Raw Story and The Guardian:
Farmers who cannot afford feed ‘liquidating’ pig and cattle herds will drive food inflation to record high, says Rabobank reportOf course there's an upside — for the .01%. Near the end we're told that "global food traders are expecting bumper profits."
The mass slaughter of millions of farm animals across the world is expected to push food prices to their highest ever levels. ...
Farmers across the world have begun a mass slaughter of their pig and cattle herds because they cannot afford the cost of feed, which has soared following the worst US drought in living memory, according to a report published on Wednesday.

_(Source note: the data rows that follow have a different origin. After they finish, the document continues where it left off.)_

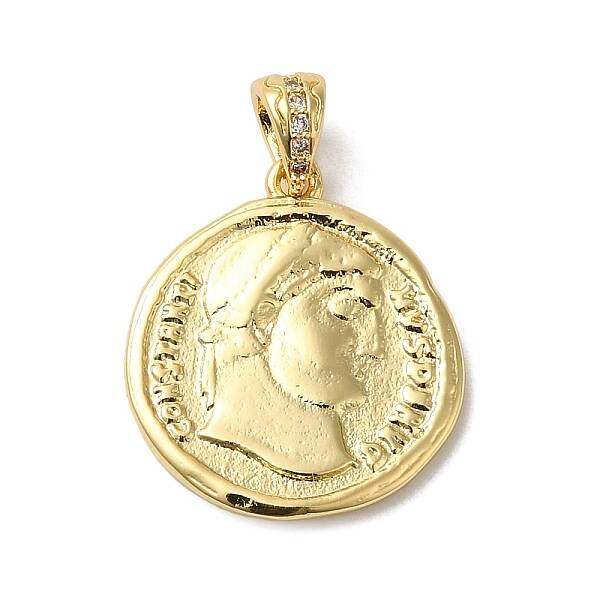 Brass Pendants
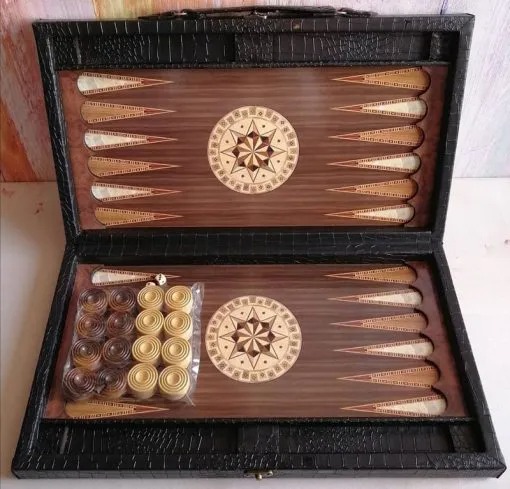 تخته نرد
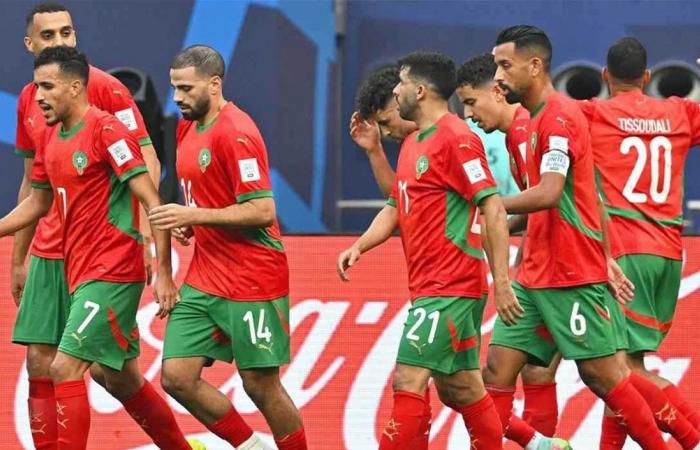 نائل العيناوي… من إرث التنس إلى حلم الكرة مع "أسود الأطلس"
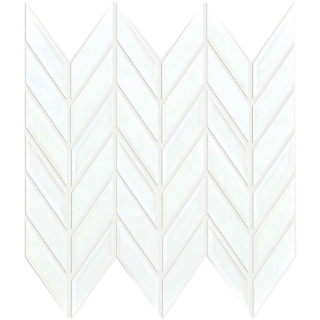 Picture of Shaw Floors - Geoscapes Chevron White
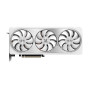 Graphics Card, GIGABYTE, NVIDIA GeForce RTX 4070 Ti SUPER, 16 GB, GDDR6X, 256 bit, PCIE 4.0 16x, GPU 2655 MHz, Triple slot Fansink, 1xHDMI, 3xDisplayPort, GV-N407TSAEROOC-16GD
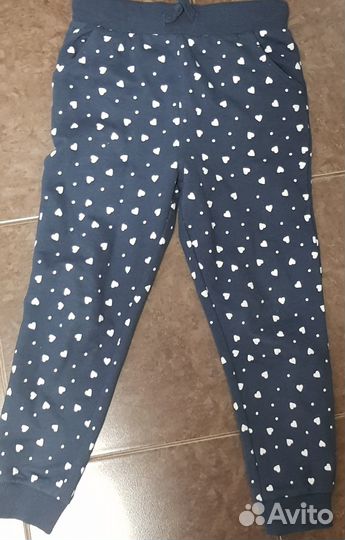 Одежда для девочки 122-128 размер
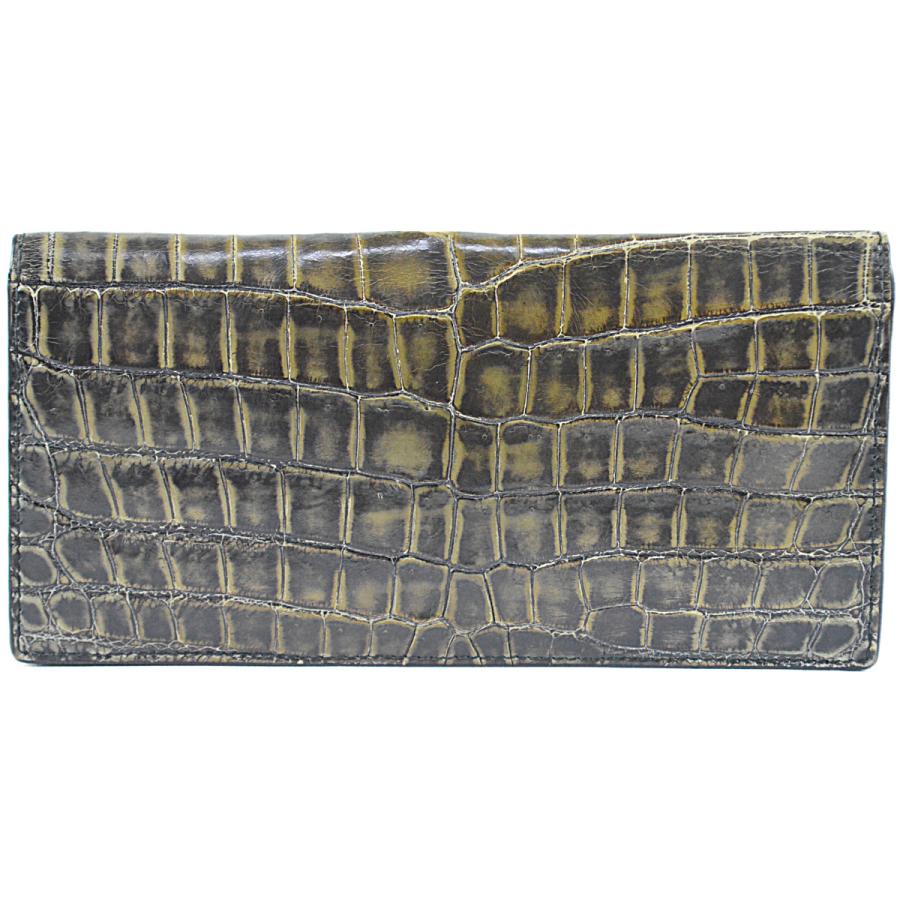 BOTTEGA VENETA（ボッテガ・ヴェネタ） 希少 浸透斑染 豪華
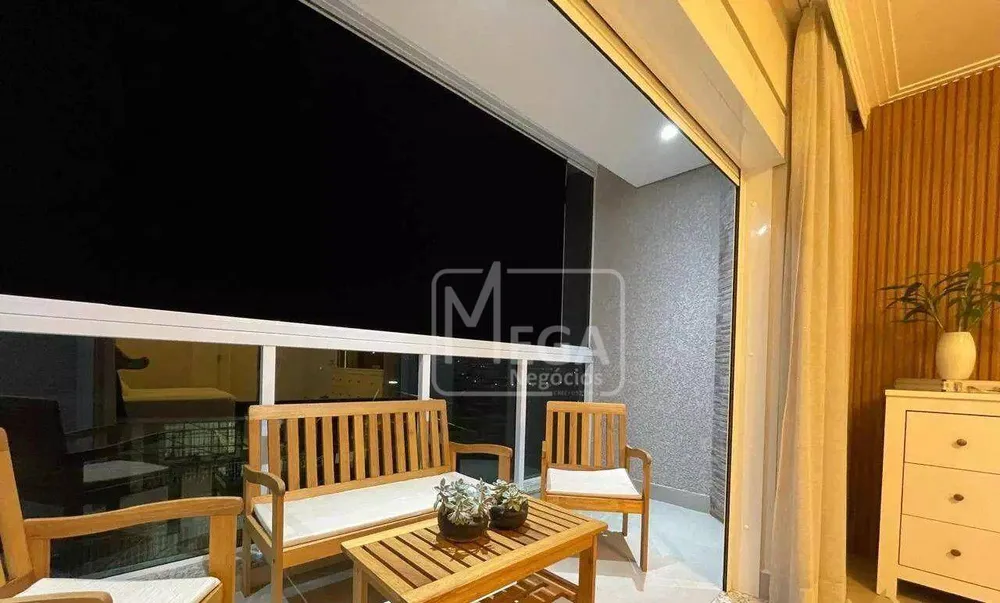 Casa, 4 quartos, 125 m² - Foto 2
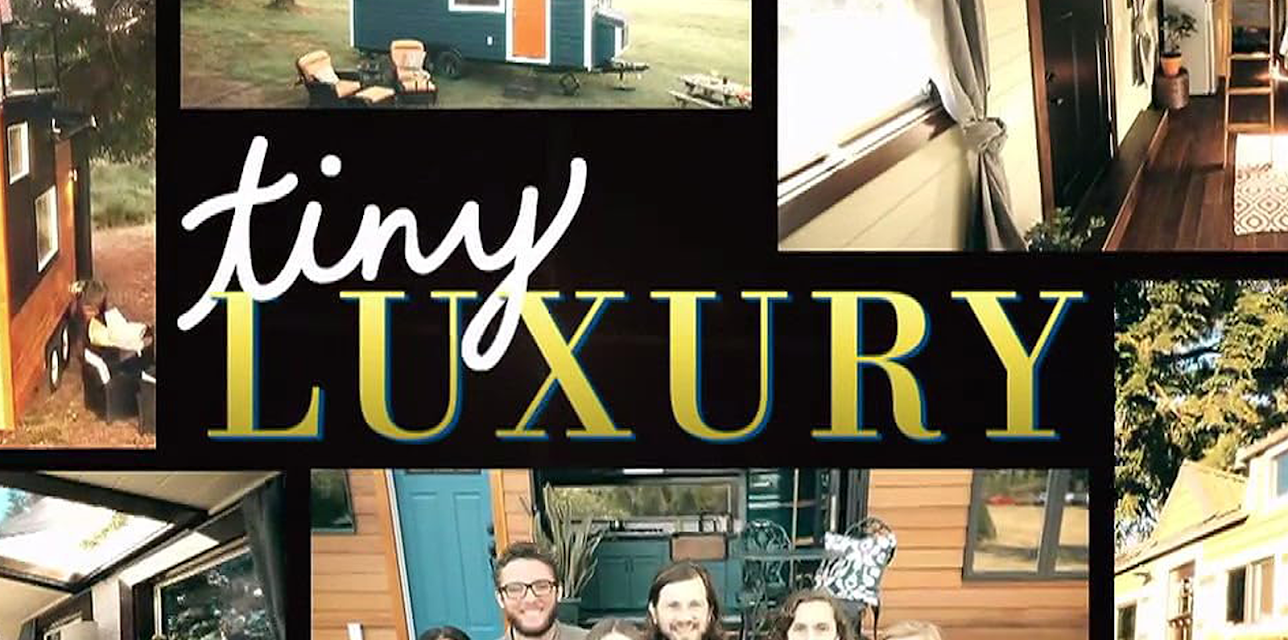 Tiny Luxury, Season 1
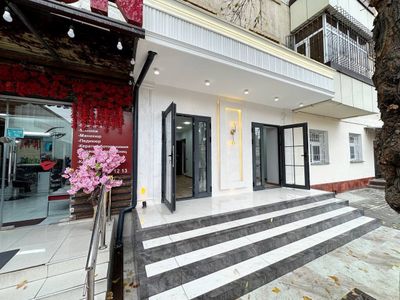 Сдается в аренду нежилое помещение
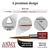 The Army Painter: Wargamer - Detail Brush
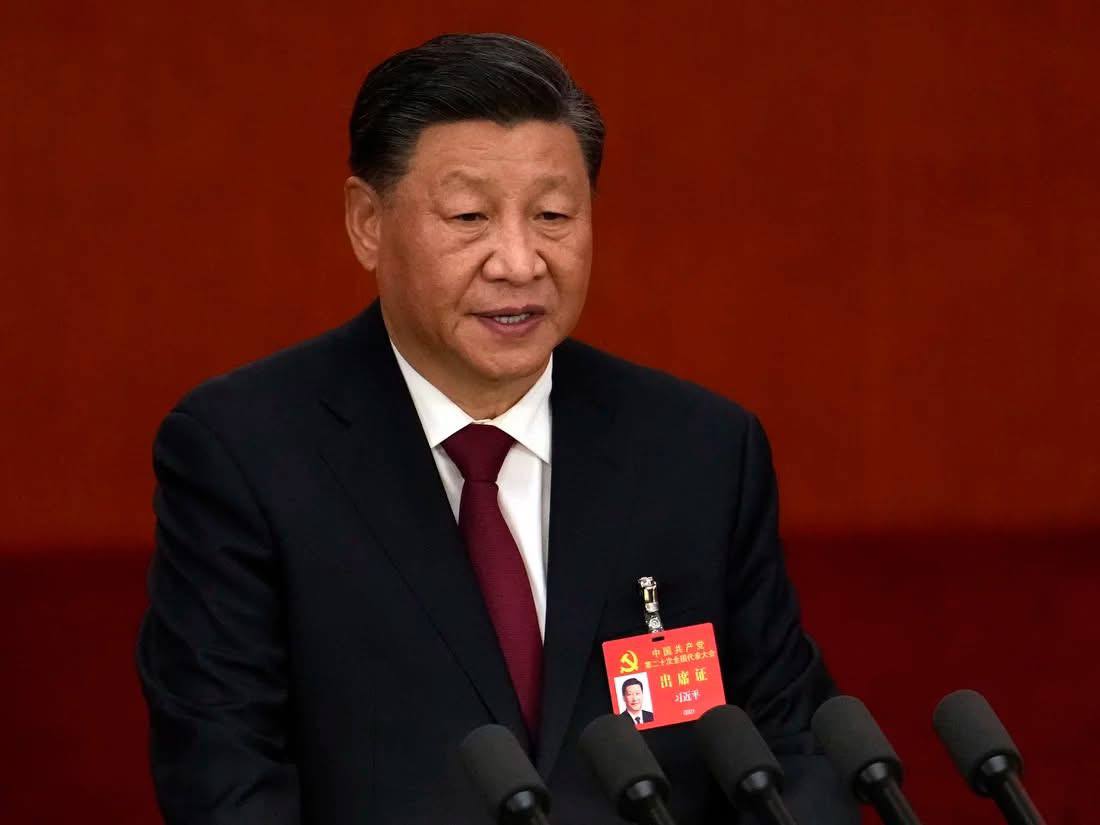 China pledges $100 million for Gaza reconstruction support
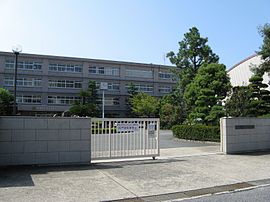 高校・高専　兵庫県立加古川東高校（高校・高専）まで3067m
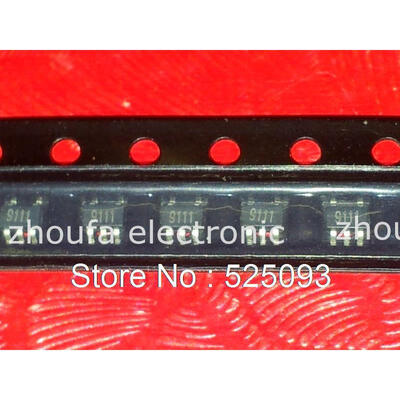 

100pcslot SGM9111YC5 SGM9111
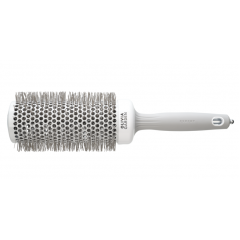 Брашинг Expert Blowout Speed Wavy Bristles White&Grey 55 мм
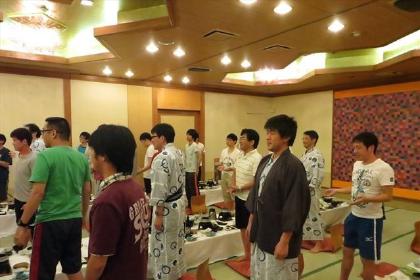 夏のLAシンポジウム in 福岡 2013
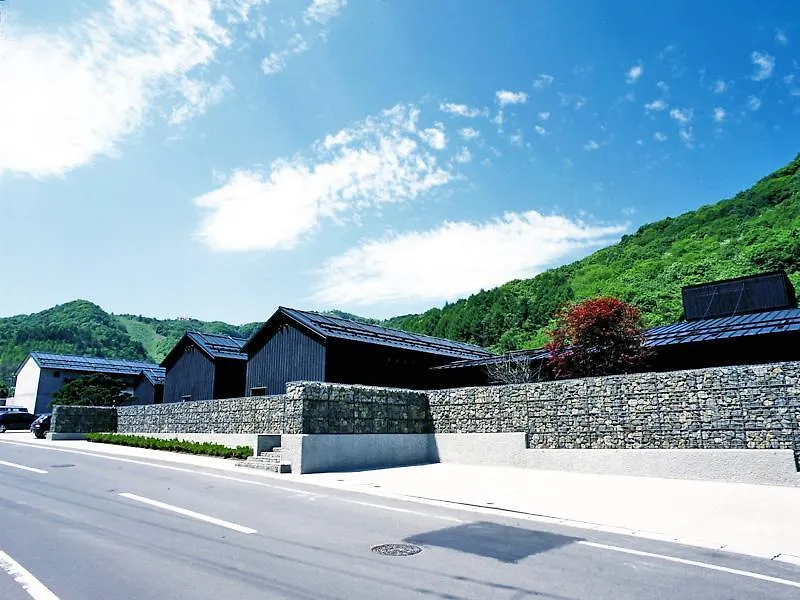 Ryokan Kuramure Otaru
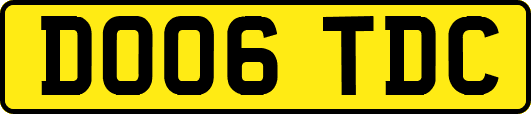 DO06TDC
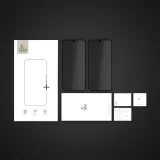 Privacy Glass for Samsung Galaxy S25 Edge Glass Spy+ - 2 pcs. 6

Experts at investment bank Rabobank warn that the mass “herd liquidation” will contribute to a 14% jump in the price of the average basket of food by next summer. ...
US farmers, who are suffering from the worst drought since the 1930s, have already reduced their cattle herd to the smallest since 1973.
But back to the cause, this is a climate story. Record droughts cause farmers to slaughter pig and cattle herds because of feed prices. Just like in the sea, if you kill off the plankton, you start losing whales.
Expect more of this, much more. We've got roughly .8°C (1½°F) warming now, and this is the result. There's double that in the pipeline, inevitable, can't be stopped. And that's if we end the carbon-dumping industry today. If we don't end carbon-dumping now, that "in the pipeline" number gets pushed ever higher.
(See here for my personal climate model.)
It's ironic the way the crisis feeds itself. The more we carbonate the air, the more we need air conditioning; thus more carbon burned.
The more we heat the air, the more we fry the fields, the less food we have for more people. Therefore we create more political chaos when what we need most is a considered, orderly solution.
It really comes down to one problem — The Carbon CEOs are determined to sell the last molecule they own, regardless of the price to the rest of us. Will we let them?
Of course, they always ask, "At what cost?" implying that somehow putting them out of business will be inconvenient for us.
This story is about the cost of not putting them out of business.